## Problem requirements:
For each line in the records that contains "with", make a copy.

## Data supplied:
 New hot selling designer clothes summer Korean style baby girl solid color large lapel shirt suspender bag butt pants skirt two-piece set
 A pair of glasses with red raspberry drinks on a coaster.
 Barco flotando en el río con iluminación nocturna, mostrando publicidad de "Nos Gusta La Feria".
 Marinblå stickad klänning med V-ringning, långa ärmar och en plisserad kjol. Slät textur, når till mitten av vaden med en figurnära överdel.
--
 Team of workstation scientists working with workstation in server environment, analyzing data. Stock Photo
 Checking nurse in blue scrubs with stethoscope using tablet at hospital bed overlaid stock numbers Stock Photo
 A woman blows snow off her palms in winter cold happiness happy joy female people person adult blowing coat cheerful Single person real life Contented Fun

## Task solution:
 A pair of glasses with red raspberry drinks on a coaster.
 Team of workstation scientists working with workstation in server environment, analyzing data. Stock Photo
 Checking nurse in blue scrubs with stethoscope using tablet at hospital bed overlaid stock numbers Stock Photo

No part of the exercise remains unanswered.